Creating awareness through approach
When specifying polished concrete, one is outlining to the long list of professionals what the final vision for the floor surface is, how it should be achieved, and what everyone’s role is. Concrete suitable for many floorcovering materials is usually not appropriate for polishing. In the past, specifiers and owners have often delayed selecting floorcoverings or other treatments until after the concrete contract is signed or even after the concrete is placed. This approach does not always work for polished concrete. As mentioned earlier, floor slabs for concrete polishing require special attention if they are to meet an expected outcome. Failure to recognize and address this fact can spell doom for a project even before the polisher gets to the site.
The critical first step is to alert other design and construction professionals the concrete slab to be polished must be specified differently. To effectively communicate this difference, the specifications for concrete slabs should be separated into the following:
• Section 03 30 00, “Cast-in-Place Concrete,” for concrete not designated as polished concrete; and
• Section 03 35 00, “Cast-in-Place Concrete,” for concrete designated as polished concrete.
• Section 03 35 43, “Polished Concrete Finishing,” can then be cross referenced.
Specifying the polish
Section 03 45 33, “Bonded Abrasive Polished Concrete Floor,” is now part of the master specification. Some of the areas to note in this section include:
- polishing contractor credentials (years of experience, previous similar projects);
- acceptable manufacturer(s) of various polished concrete materials;
- chemical components of the polishing process, such as densifiers, stain impregnators, finish ‘guard’ type materials, grouts, or pinhole-filling products;
- any other desired design options for the polished concrete slab (such as colour);
- appearance expectation;
- test method to measure the final required gloss; and
- target measurement.
There are three to four categories of polish as defined by the amount of aggregate exposure in the concrete surface (Figure 7). Outlining the desired level of aggregate exposure in the project documents is a crucial component of a polished concrete specification. In the world of concrete polishing, the largest cost input is labour. Requirements for exposing more or larger aggregate will see a corresponding increase in cost. Defining the exposure class for the floor project will ensure the bids are aligned with what is desired.

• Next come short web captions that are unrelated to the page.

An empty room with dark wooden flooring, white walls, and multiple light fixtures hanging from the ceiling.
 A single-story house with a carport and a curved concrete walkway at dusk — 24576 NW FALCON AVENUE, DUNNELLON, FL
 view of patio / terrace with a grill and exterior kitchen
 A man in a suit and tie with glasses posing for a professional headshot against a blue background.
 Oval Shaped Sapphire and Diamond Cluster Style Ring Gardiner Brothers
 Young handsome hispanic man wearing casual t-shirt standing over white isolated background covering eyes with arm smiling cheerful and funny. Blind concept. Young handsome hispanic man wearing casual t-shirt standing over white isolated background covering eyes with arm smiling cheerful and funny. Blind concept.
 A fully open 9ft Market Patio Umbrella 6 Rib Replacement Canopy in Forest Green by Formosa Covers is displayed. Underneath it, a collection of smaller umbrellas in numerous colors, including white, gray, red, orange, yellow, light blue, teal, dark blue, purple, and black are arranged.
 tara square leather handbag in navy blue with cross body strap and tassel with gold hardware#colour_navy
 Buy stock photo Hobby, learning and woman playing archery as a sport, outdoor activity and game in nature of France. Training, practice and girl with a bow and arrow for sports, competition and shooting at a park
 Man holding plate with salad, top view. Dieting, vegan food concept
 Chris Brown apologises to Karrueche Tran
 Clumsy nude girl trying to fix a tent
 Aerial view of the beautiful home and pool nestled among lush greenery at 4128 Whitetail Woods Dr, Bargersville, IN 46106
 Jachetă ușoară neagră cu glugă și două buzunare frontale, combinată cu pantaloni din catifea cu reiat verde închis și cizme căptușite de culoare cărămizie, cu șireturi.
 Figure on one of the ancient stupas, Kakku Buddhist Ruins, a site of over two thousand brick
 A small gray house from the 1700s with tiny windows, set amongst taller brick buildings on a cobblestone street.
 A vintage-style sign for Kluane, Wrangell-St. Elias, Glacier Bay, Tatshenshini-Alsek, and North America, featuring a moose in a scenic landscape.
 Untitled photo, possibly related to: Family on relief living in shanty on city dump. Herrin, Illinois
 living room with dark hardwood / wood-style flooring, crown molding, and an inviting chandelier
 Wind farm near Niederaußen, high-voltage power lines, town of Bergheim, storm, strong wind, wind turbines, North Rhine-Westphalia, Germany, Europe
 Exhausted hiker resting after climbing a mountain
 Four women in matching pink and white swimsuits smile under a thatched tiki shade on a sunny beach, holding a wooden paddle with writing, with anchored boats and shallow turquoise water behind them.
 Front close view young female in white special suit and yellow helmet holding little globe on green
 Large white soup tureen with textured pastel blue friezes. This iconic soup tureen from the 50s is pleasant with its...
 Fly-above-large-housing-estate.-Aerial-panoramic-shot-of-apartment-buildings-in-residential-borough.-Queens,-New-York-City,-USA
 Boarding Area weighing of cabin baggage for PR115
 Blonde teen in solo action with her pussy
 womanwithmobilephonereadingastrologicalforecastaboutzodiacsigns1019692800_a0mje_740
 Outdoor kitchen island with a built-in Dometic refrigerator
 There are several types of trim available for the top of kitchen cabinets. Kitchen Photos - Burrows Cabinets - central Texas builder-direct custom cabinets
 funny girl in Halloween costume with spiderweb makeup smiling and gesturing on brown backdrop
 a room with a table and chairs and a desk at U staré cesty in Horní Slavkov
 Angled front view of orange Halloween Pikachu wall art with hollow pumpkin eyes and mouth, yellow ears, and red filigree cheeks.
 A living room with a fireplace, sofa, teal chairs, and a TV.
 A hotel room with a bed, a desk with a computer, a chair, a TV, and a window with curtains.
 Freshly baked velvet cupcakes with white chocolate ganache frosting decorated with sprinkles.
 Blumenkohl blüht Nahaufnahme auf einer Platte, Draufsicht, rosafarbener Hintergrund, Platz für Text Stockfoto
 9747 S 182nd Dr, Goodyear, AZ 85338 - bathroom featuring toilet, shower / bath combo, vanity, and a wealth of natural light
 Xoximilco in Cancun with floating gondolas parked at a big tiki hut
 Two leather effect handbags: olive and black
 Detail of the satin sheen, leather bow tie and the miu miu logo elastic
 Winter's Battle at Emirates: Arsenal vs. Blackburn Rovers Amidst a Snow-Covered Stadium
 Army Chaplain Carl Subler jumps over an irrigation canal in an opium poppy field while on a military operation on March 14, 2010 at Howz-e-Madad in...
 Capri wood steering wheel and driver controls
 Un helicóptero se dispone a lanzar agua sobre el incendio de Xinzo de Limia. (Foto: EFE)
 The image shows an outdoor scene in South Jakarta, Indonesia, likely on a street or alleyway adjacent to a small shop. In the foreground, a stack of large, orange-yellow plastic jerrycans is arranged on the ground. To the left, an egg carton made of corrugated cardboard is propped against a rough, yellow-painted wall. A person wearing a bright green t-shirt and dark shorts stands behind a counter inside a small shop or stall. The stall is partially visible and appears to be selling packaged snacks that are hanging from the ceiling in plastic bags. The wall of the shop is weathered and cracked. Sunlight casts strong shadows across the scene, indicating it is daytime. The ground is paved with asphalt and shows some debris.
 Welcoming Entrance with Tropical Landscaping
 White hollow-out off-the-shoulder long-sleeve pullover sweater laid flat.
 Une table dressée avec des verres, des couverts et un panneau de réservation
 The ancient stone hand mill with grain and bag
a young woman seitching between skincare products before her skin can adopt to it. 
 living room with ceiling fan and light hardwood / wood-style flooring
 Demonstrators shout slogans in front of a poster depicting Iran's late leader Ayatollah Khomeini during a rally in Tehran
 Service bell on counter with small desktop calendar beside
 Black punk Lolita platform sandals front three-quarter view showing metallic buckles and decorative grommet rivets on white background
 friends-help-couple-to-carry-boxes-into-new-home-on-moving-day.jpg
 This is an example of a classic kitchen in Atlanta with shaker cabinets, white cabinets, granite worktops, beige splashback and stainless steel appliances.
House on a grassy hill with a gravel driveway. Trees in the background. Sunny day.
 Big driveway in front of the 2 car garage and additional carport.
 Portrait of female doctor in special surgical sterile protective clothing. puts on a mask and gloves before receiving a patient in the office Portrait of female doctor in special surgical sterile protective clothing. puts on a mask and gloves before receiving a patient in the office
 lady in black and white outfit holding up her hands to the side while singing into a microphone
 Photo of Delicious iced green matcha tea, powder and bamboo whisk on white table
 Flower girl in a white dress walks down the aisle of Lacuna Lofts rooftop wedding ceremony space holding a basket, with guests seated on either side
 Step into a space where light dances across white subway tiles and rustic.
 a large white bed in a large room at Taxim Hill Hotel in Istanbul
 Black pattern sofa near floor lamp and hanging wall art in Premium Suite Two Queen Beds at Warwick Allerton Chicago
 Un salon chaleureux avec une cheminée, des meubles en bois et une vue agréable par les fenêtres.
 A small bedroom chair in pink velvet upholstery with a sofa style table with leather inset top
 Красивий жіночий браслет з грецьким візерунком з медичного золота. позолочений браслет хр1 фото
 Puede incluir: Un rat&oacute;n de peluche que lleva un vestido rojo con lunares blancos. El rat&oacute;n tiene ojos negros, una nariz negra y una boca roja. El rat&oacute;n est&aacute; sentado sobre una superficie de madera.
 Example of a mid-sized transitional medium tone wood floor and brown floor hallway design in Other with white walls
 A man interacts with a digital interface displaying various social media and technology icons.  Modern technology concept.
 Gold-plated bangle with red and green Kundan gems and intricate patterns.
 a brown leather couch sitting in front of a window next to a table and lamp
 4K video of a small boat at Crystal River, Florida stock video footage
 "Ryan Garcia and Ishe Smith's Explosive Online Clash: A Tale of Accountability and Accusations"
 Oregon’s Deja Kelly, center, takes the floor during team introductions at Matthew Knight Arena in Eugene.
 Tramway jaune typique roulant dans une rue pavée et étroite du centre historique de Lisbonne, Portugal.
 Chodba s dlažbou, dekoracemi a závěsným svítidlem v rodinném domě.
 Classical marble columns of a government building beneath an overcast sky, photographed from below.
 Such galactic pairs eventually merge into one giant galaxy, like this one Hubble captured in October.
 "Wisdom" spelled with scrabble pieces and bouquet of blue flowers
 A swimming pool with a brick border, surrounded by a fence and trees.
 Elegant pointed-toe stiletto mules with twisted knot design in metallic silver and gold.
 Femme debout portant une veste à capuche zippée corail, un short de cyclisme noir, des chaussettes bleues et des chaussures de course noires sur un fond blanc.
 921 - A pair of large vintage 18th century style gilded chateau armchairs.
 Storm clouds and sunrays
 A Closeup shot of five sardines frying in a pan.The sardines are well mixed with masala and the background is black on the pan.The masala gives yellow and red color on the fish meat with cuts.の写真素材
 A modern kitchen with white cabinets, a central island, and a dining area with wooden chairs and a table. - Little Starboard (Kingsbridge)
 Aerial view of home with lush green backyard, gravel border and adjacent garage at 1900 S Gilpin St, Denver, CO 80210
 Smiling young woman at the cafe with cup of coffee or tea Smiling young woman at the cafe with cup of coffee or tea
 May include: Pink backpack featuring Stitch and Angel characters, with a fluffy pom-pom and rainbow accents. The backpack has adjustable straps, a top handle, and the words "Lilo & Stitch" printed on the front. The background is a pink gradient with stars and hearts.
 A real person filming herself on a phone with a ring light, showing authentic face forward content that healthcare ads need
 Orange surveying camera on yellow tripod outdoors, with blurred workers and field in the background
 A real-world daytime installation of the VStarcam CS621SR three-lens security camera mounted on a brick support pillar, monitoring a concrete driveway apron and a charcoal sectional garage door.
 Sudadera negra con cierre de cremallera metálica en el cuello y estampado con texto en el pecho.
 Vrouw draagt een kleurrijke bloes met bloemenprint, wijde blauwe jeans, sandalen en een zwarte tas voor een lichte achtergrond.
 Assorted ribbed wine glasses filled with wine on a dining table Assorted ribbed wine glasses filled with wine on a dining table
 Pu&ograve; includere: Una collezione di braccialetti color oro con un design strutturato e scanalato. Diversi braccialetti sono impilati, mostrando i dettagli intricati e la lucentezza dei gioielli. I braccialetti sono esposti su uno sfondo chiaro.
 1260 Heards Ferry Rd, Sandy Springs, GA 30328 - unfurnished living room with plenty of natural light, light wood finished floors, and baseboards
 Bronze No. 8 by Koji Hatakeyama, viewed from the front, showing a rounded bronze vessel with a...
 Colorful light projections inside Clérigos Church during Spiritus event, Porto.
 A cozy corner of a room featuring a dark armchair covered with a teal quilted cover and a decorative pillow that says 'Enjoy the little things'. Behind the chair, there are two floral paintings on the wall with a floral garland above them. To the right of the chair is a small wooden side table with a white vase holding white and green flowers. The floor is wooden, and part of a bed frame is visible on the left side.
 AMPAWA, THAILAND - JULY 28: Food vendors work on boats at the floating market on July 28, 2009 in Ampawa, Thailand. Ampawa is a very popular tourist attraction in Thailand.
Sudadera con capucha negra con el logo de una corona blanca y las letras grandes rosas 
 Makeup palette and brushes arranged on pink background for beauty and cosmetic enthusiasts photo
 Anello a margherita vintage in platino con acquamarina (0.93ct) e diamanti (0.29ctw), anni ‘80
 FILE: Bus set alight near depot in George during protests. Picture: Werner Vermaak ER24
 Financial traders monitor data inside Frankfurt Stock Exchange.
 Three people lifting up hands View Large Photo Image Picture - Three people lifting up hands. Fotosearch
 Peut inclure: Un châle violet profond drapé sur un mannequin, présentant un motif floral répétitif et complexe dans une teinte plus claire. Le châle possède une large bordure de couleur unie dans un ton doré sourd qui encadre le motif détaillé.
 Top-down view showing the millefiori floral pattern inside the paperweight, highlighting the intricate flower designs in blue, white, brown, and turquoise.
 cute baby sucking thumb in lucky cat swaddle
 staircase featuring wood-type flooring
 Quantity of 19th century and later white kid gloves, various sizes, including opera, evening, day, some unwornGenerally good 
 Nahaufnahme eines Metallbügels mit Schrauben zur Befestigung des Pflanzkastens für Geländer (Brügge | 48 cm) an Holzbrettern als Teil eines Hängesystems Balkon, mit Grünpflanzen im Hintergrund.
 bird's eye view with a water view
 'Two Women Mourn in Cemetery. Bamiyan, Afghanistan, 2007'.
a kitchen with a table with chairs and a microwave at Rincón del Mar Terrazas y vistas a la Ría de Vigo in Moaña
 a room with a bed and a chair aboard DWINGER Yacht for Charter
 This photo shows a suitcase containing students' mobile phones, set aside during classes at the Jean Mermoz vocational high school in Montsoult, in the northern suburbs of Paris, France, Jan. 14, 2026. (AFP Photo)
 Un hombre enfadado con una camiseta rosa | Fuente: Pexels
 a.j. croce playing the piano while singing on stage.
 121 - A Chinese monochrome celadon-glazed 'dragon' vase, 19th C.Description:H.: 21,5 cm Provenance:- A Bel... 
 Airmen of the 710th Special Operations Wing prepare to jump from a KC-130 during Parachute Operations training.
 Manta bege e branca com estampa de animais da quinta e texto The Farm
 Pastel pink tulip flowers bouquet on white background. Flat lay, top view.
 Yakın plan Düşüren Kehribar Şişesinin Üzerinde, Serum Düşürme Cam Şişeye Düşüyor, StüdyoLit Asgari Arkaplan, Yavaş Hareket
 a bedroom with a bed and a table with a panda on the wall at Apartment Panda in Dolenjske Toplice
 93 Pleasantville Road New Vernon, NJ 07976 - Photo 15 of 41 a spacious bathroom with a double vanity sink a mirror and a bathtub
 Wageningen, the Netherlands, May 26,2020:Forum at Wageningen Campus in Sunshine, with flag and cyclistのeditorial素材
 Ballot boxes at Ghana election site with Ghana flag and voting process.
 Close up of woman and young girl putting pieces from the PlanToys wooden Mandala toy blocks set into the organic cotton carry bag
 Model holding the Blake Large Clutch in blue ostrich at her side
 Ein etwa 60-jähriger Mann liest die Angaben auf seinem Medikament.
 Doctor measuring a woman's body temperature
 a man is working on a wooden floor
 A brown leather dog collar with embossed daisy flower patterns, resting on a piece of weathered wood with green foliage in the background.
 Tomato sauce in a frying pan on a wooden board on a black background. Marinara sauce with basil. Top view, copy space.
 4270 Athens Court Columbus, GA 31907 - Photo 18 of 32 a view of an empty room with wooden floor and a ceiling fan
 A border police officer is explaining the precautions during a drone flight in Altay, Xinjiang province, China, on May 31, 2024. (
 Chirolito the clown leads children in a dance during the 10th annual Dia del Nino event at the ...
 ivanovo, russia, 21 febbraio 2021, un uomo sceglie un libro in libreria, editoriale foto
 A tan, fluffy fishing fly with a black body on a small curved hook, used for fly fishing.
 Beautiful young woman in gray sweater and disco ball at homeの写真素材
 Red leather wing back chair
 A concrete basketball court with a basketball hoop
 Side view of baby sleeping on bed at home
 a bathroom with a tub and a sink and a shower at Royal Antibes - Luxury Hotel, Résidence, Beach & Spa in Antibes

For the last 20 years, the main method of describing polished concrete gloss levels has involved using an expression of diamond grit and/or calling out shine levels—level 1, 2, or 3. While this has been useful and tells the polishing contractor where to stop in the sequence, the end results are not always predictable. The final gloss appearance can vary widely from floor to floor, installer to installer, or between diamond-tooling manufacturers (Read Christopher Bennet’s “Taking the Measure of Polished Concrete.”).
In recent years, technology has made it possible to measure the refinement of the polished concrete by using instruments to evaluate the surface during and after the process. The first type of instrument was a gloss meter to measure reflective sheen. Values for different floor gloss levels could be set and achieved. While this was an improvement, gloss meters do not measure the refinement of a surface and can be fooled by surface coatings. The next evolution in measurement was a clarity meter (Figure 8). It measures specular gloss (reflectivity), but most importantly, it measures DOI, otherwise known as reflective clarity. This measurement cannot be fooled by the use of coatings and will only measure in higher values if the concrete surface has been properly refined.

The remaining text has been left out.